I'm so glad to hear that you're familiar with my neighbor. How long have you known Denny? I didn't realize he knew anyone in Massachusetts.
 
Messages
39,806
Location
Pottstown, PA
 Quote:
Well I would want to know why one rotor is lasting longer than the other.
As others have said, this is the real puzzle. I think you indicated that the pads were about half gone ..so it's probably not the caliper. I had air gaps in my OEM rotors. Just all of a sudden there was a bubble. Too deep to cut out :(. I seized caliper on a FWD car may not show up at all. A kinked hose will, but not always a seized caliper. You have to go through the differential, so as long as you've got traction with both tires, it's not going to always be apparent.
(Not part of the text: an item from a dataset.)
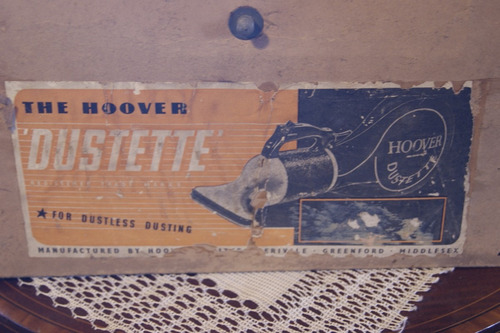 Aspiradora Vintage Hoover Dustette Caja Colección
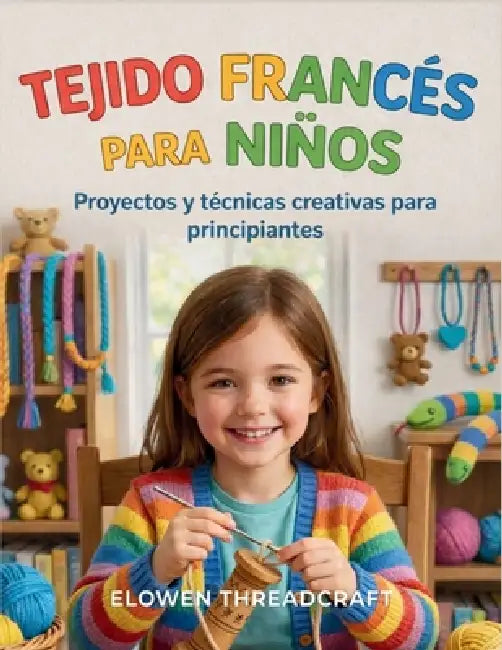 Tejido Francés Para Niños: Proyectos y técnicas creativas para principiantes by Elowen Threadcraft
Driving like you're in Fast and Furious will probably have it show up.
 
Messages
973
Location
Geneva
 Originally Posted By: daves87rs
 Originally Posted By: Paul56
If it was me I would be replacing the rotors on both sides along with a new set of pads.
+1 A few extra bucks for piece of mind....
\:\!
 
Messages
22,738
Location
CA
Am I still the only person who thinks that the OP should LEAVE IT ALONE? If the pads are wearing acceptably on the rotor in question, then there's no reason for him to take any action unless the pads were improperly installed in the beginning.
 
Messages
10,874
Location
Phoenix
Did you throw a micrometer on the rotor and see if it is below spec? Personally I would only replace one if it is too thin, but that is just me.